# Stored data
----------
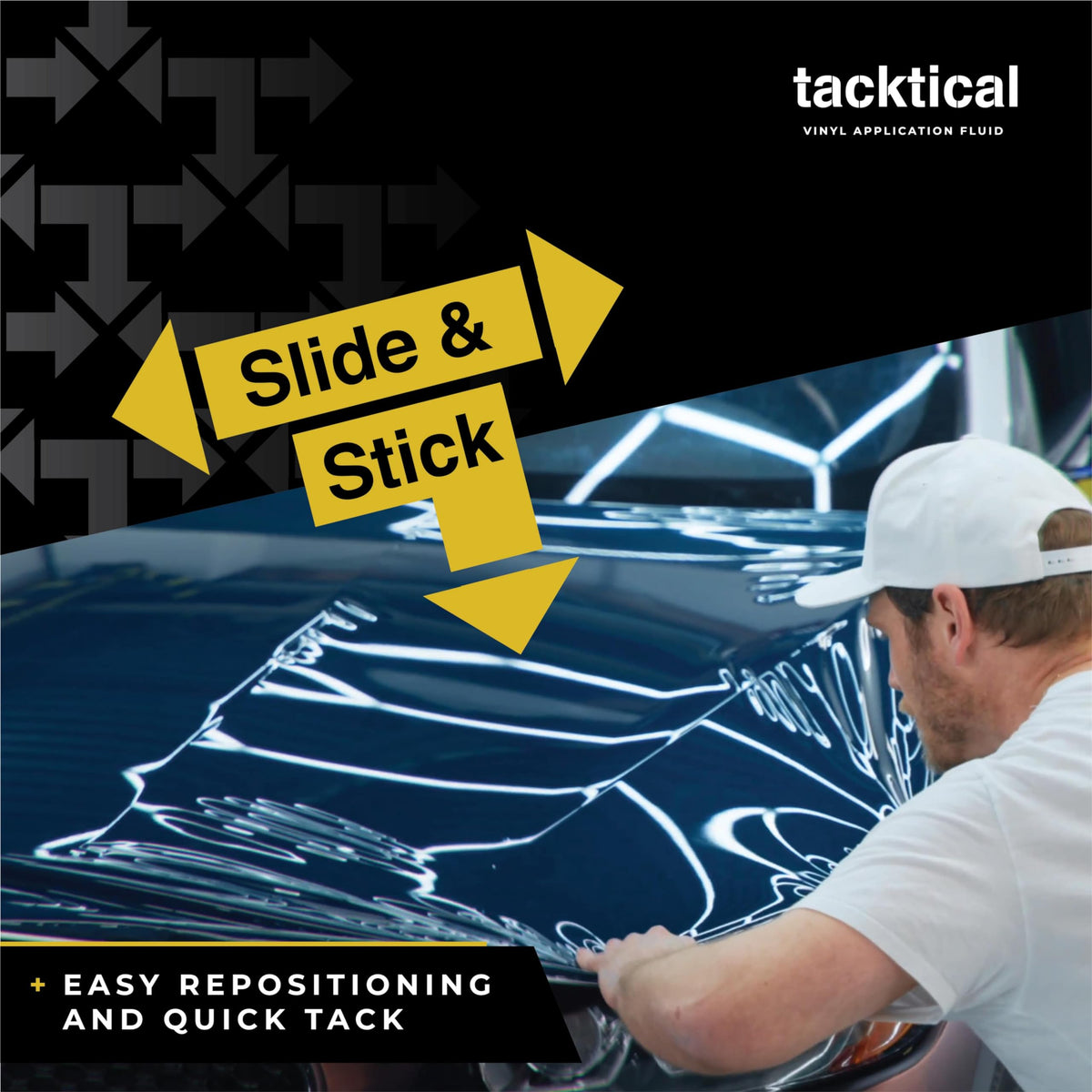 VViViD removing air bubble from decal showing smoother finish benefits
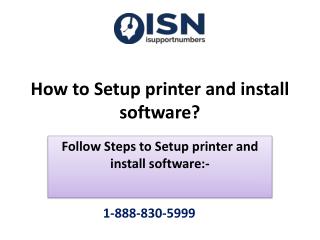 How to Setup printer and install software?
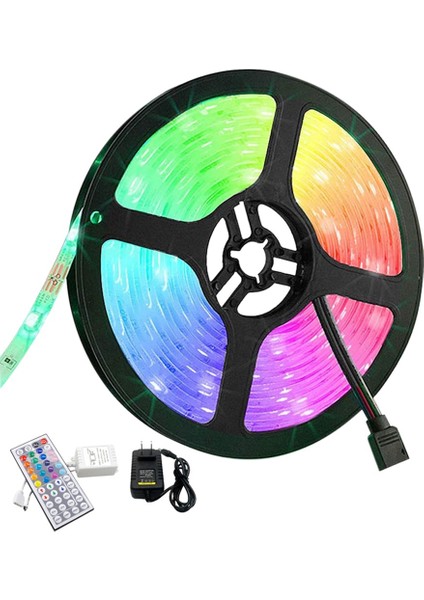 5m LED Işık Şeridi Su Geçirmez Olmayan 3528 Rgb 44 Anahtar Uzaktan Kumanda + Denetleyici + Yatak Odası Için Güç Adaptörü Abd Tak (Yurt Dışından)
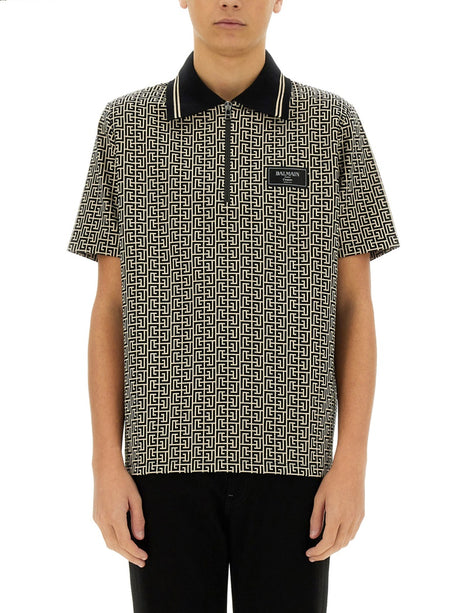 BALMAIN Men's Monogram Polo Shirt - Size L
----------
Give again, word for word, only the lines from the line containing "5m LED Işık" through the last line above, both included; leave the pictures out.

 5m LED Işık Şeridi Su Geçirmez Olmayan 3528 Rgb 44 Anahtar Uzaktan Kumanda + Denetleyici + Yatak Odası Için Güç Adaptörü Abd Tak (Yurt Dışından)
 BALMAIN Men's Monogram Polo Shirt - Size L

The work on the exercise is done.